Andrea rolled her eyes. He could hear her muttering as she heated up the warm dishes. "Think you have to tell me not to nuke a salad, I'm not retarded, I think I know lettuce sucks when it's hot."

Byron supervised the setting of the table. And as they were finishing, Nadine came in.

"Well, I feel a lot better," she said. "I just needed to rest a minute and then wash off the troubles of the day."

She really was clueless. For the first time it occurred to Byron that this meant there was no one on God's green earth he could ever tell about what happened. Who would believe him, if Nadine didn't back him up? Miz Nadine, your husband said you swoll up and gave birth all in one hour and a homeless man come and took it away in a grocery bag, is that so? And Nadine would say, That's just sick, if my husband said that he's making fun.

"By," she said, "you look green as a ghost. Are you ill?"

"Bad traffic on the ten," he said.

"I thought you said only a fool takes the ten, you've got to take Olympic."

"So I'm a fool," he said.

Why didn't the old man come with me all the way to our house, if he was here to pick up the baby? Why did he go into that fenced-off park?

And when did they put a gate in the fence? There was no gate in the fence.

Wait a minute. There's no fence. There is no damn fence around that park.

"Really, By, are you sure you shouldn't just go to bed? You look pretty awful."

"I suppose I just need a shower, too."

"Well, right after dinner, and I'll give you a neck rub to wipe out all that tension, see if I don't."

"I sure hope you can," said Byron.

"Of course I can, darling," she said primly. "A woman like me, I can do anything."

"She is woman!" intoned Word. "She rocks!"

"Now that," said Nadine, "is one well-raised boy."

"Well-raised man," said Word.

"I'm ten," said Word.

"Don't go calling yourself a man, then," said Nadine. "Man's not a man till he earns money."

"Or drives a car," said Danielle.

What a thing to teach the children. That a man's not a man if he isn't making money. Does that mean that the more you earn, the more of a man you are? Does that mean if you get fired, you've been emasculated?

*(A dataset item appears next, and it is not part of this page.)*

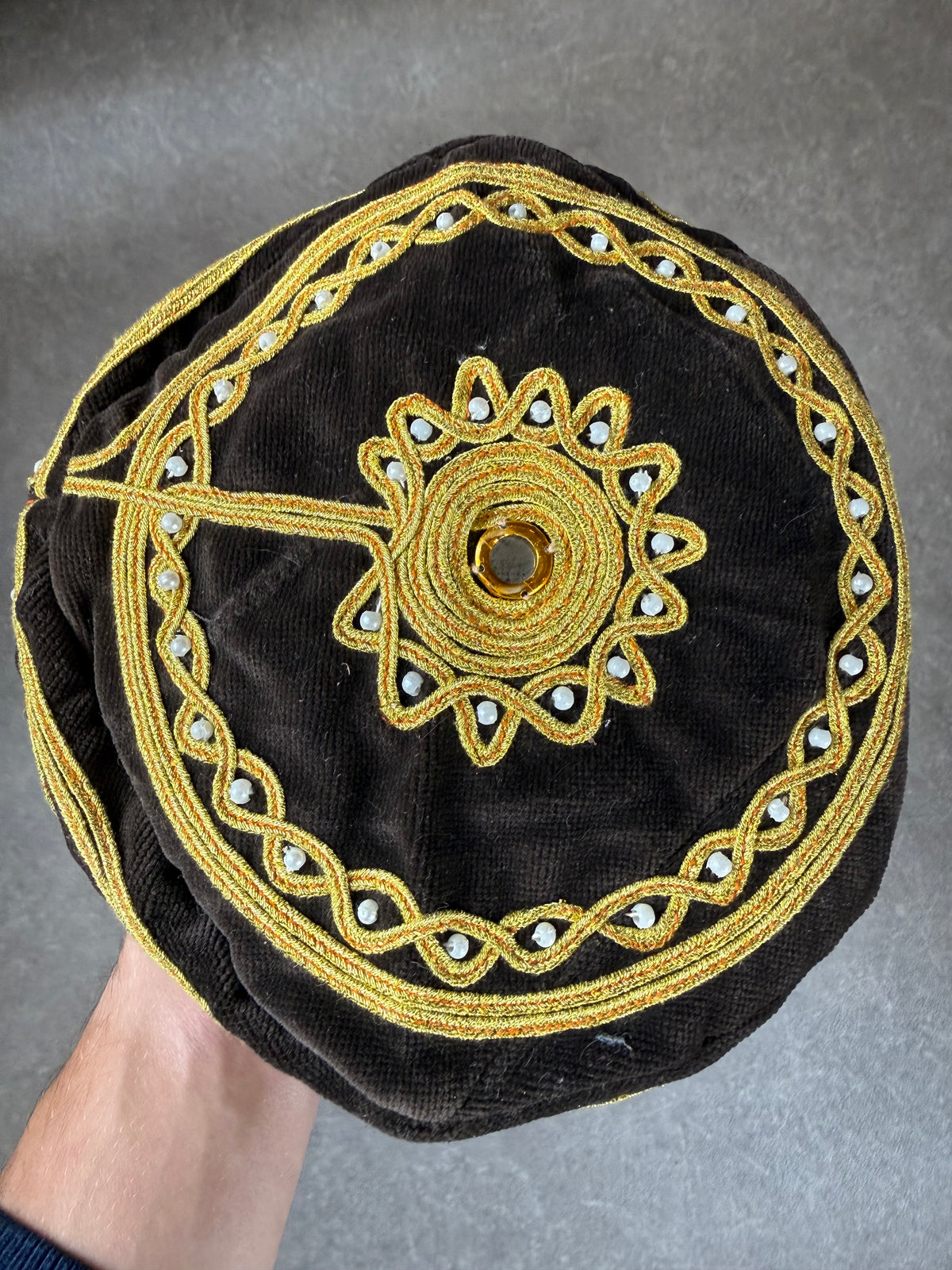 Vintage Samtkappe Schwarz Gold bestickt – Ethno Folklore Kopfbedeckung 50,5 cm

But there was no point arguing the point. Word wasn't a man yet, and when he was, Byron would make sure he got a man's respect from his father, and then it wouldn't matter what the boy's mother said. That was a power a father had that no woman could take away.

While the rest of the family bantered, Byron's thoughts turned again to that baby. If it was real, was it a child of Nadine's, or some kind of magical changeling? If it was her child, then who was the father? Byron? Was it our son that freak toted out of our bedroom in a grocery sack? Word's little brother, now bound for some miserable grave in a dumpster somewhere?

Is he really dead? Or will the old man's magic find some spark of life inside him? And if he does, could I find him? Claim him? Bring him home to raise?

And now Byron realized why Bag Man hadn't given Nadine a choice about whether to remember or not. If the mother didn't believe she had given birth, then how could the father go claiming paternity? Nobody gave maternity tests to mothers.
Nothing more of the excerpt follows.